## Work instruction
Here are some records; quote them exactly, leaving out the pictures.

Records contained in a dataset
○ ○ ○ ○ ○ ○ ○
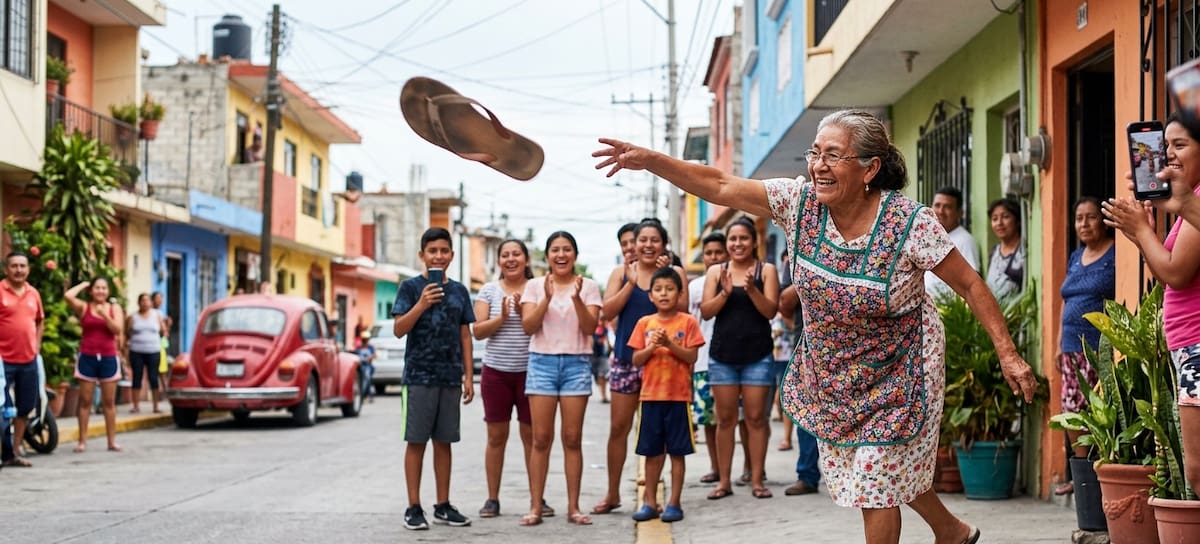 Abuelita se hace viral por su lanzamiento de chancla
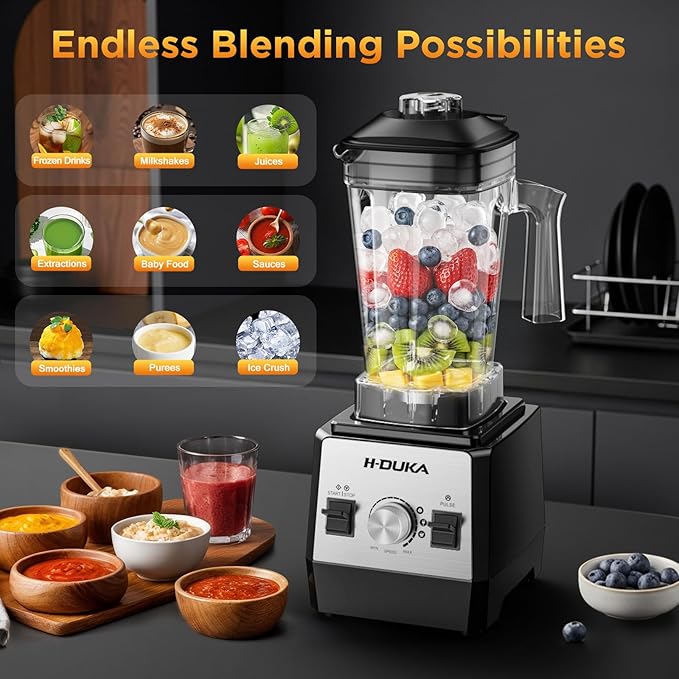 Smoothie Blender, 1400 Watt Powerful Blender for Smoothies, 64oz Capacity Countertop Blenders for Kitchen with BPA Free Container, Ice Crushing, Frozen Drinks, Puree, Protein Shakes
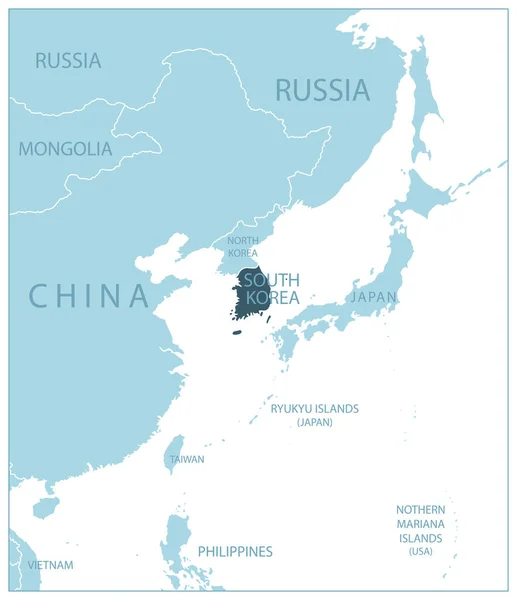 Corea Del Sur Mapa Azul Con Los Países Vecinos Nombres — Archivo Imágenes Vectoriales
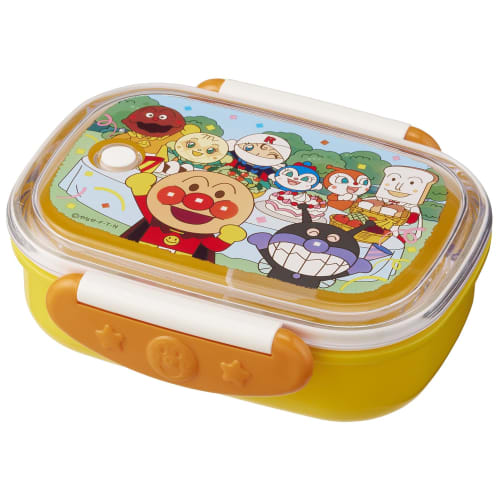 LEC Anpanman Antibacterial Locking Lunch Box, 280mL (Yellow), with Air Adjustment Valve, Made In Japan, Microwave and Dishwasher Safe, with Dividers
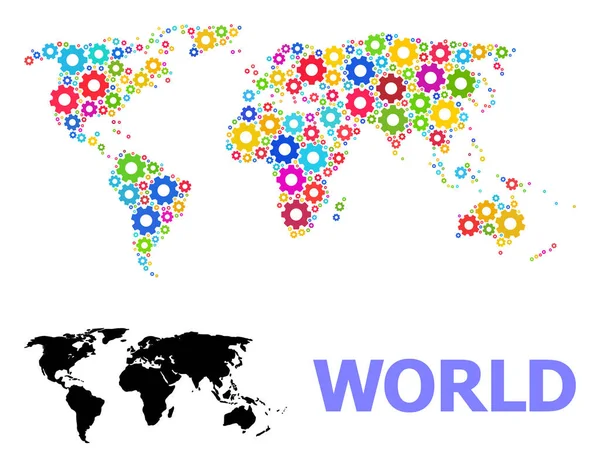 Mapa de composición mecánica del mundo con ruedas de engranajes multicolores — Archivo Imágenes Vectoriales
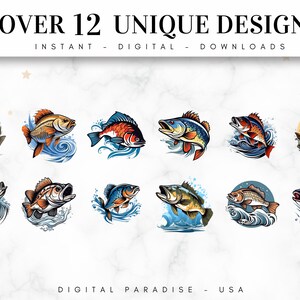Conjunto de 12 imágenes prediseñadas de lubina, imágenes prediseñadas de peces, imágenes PNG de peces, imágenes prediseñadas de pesca, imágenes prediseñadas de vida en el lago, criaturas marinas, imágenes PNG de sublimación, descarga digital imagen 2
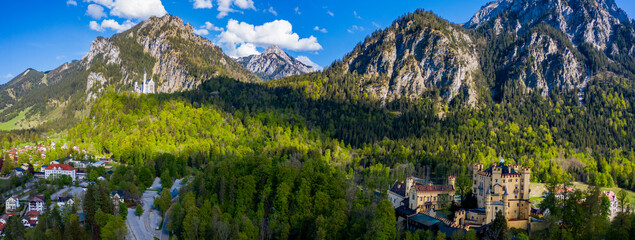 Aerial view of the Neuschwanstein castle in Bavaria during the coronavirus lockdown.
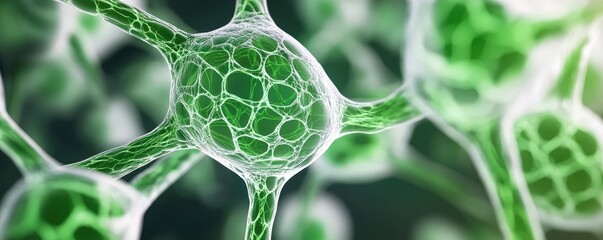 Poster - Close-up of green cells with intricate structures on a dark background.
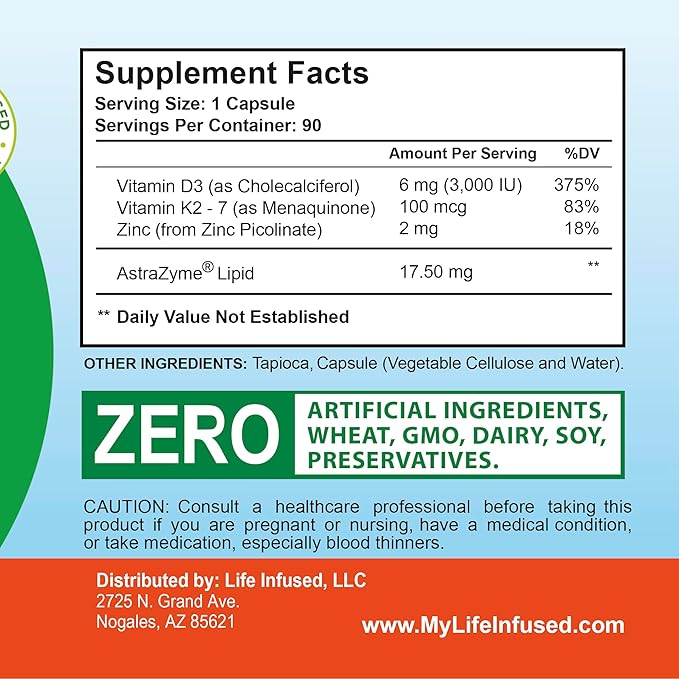 Life Infused Vitamin D3 + K2 Supercharged with Zinc and Enzymes, Help Maintain Healthy Immune System, Bone Health, Emotional Wellbeing, 90 Capsules.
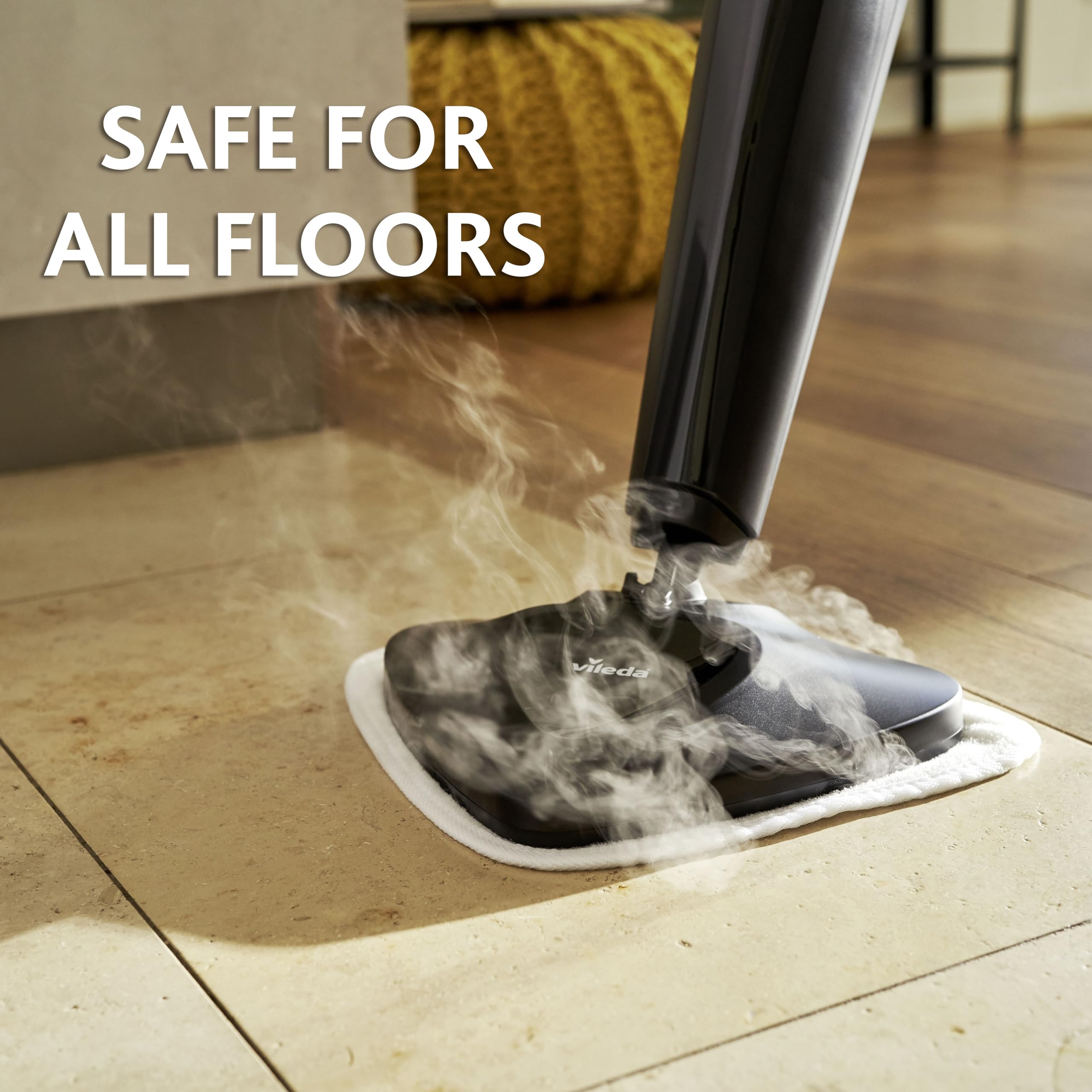 Vileda Steam Mop Steam PLUS - Kills 99.9% Bacteria | 15 Sec Heat Up | 6m Cable 2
○ ○ ○ ○ ○ ○ ○
## Output for this exercise
 Abuelita se hace viral por su lanzamiento de chancla
 Smoothie Blender, 1400 Watt Powerful Blender for Smoothies, 64oz Capacity Countertop Blenders for Kitchen with BPA Free Container, Ice Crushing, Frozen Drinks, Puree, Protein Shakes
 Corea Del Sur Mapa Azul Con Los Países Vecinos Nombres — Archivo Imágenes Vectoriales
 LEC Anpanman Antibacterial Locking Lunch Box, 280mL (Yellow), with Air Adjustment Valve, Made In Japan, Microwave and Dishwasher Safe, with Dividers
 Mapa de composición mecánica del mundo con ruedas de engranajes multicolores — Archivo Imágenes Vectoriales
Conjunto de 12 imágenes prediseñadas de lubina, imágenes prediseñadas de peces, imágenes PNG de peces, imágenes prediseñadas de pesca, imágenes prediseñadas de vida en el lago, criaturas marinas, imágenes PNG de sublimación, descarga digital imagen 2
 Aerial view of the Neuschwanstein castle in Bavaria during the coronavirus lockdown.
 Poster - Close-up of green cells with intricate structures on a dark background.
 Life Infused Vitamin D3 + K2 Supercharged with Zinc and Enzymes, Help Maintain Healthy Immune System, Bone Health, Emotional Wellbeing, 90 Capsules.
 Vileda Steam Mop Steam PLUS - Kills 99.9% Bacteria | 15 Sec Heat Up | 6m Cable 2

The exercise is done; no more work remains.